## What the exercise asks
The complete listing goes into the output exactly, without its pictures.

## The input
☆ ☆ ☆ ☆

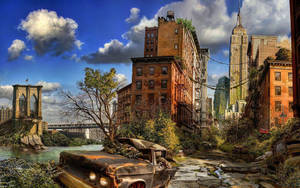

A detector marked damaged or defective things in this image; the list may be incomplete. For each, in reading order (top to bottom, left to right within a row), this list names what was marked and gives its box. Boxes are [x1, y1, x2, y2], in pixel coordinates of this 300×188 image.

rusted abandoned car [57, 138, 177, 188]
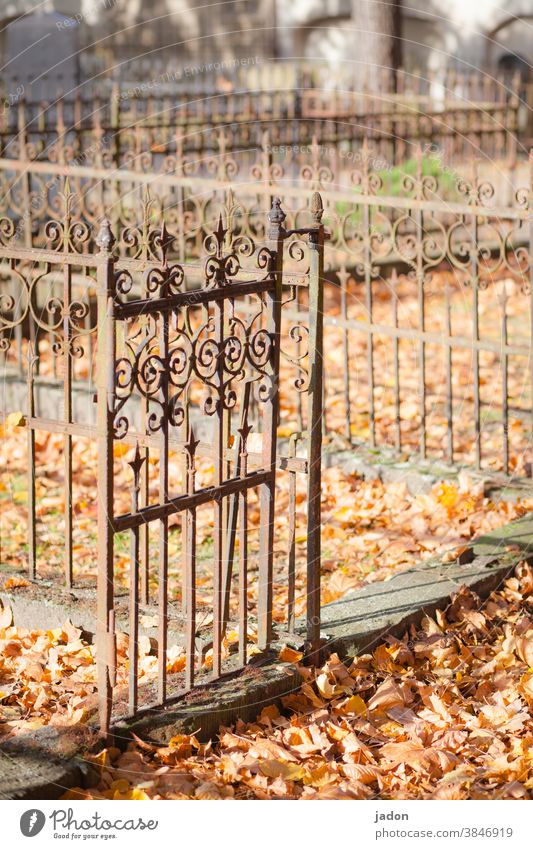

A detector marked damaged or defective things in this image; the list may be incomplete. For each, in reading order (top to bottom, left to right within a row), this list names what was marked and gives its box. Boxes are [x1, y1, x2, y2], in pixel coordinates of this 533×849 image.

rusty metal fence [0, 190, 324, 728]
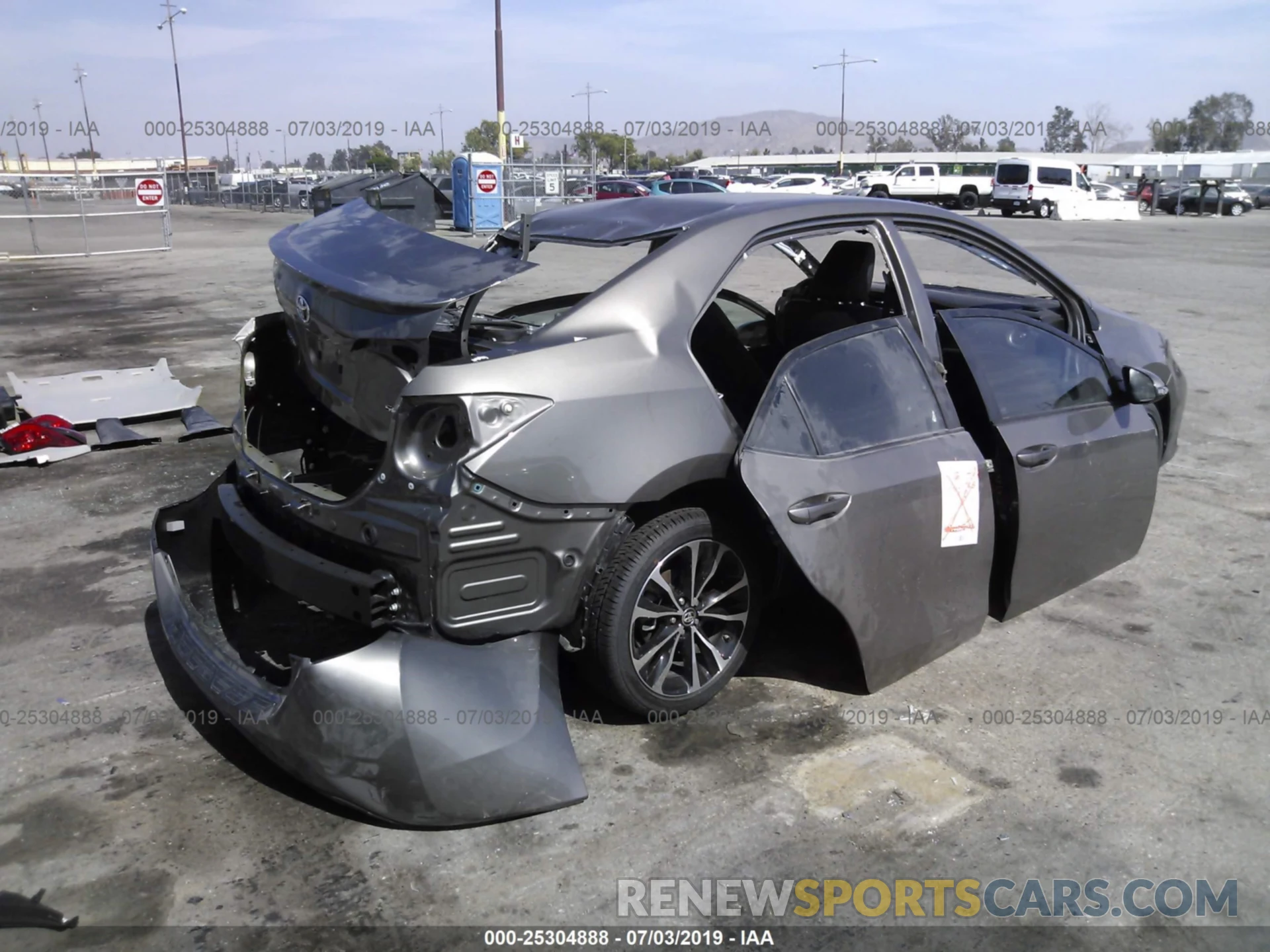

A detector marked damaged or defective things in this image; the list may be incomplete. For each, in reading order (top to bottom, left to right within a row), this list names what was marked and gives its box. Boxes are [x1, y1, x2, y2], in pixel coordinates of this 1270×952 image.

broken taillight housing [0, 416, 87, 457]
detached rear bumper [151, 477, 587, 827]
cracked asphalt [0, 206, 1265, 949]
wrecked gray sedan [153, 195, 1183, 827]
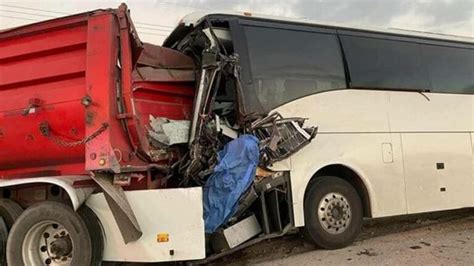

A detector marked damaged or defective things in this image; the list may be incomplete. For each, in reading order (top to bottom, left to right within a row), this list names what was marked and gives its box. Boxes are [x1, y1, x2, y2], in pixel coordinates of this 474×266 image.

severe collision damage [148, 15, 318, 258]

☆ ☆ ☆ ☆

## Problem solution
A detector marked damaged or defective things in this image; the list may be incomplete. For each, in reading order (top to bottom, left to right within a row), this list names what was marked and gives its box. Boxes are [x1, y1, x2, y2], in pixel coordinates of this 300×188 image.

rusted abandoned car [57, 138, 177, 188]

A detector marked damaged or defective things in this image; the list may be incomplete. For each, in reading order (top to bottom, left to right within a row), this list names what was marked and gives its box. Boxes are [x1, y1, x2, y2], in pixel coordinates of this 533×849 image.

rusty metal fence [0, 190, 324, 728]

A detector marked damaged or defective things in this image; the list may be incomplete. For each, in reading order (top to bottom, left to right within a row), this list names what was marked and gives its box. Boxes are [x1, y1, x2, y2], in pixel coordinates of this 1270×952 image.

broken taillight housing [0, 416, 87, 457]
detached rear bumper [151, 477, 587, 827]
cracked asphalt [0, 206, 1265, 949]
wrecked gray sedan [153, 195, 1183, 827]

A detector marked damaged or defective things in this image; the list may be incomplete. For each, in reading order (top to bottom, left to right within a row), this list names what was marked and gives its box. Boxes are [x1, y1, x2, y2], in pixel coordinates of this 474×266 image.

severe collision damage [148, 15, 318, 258]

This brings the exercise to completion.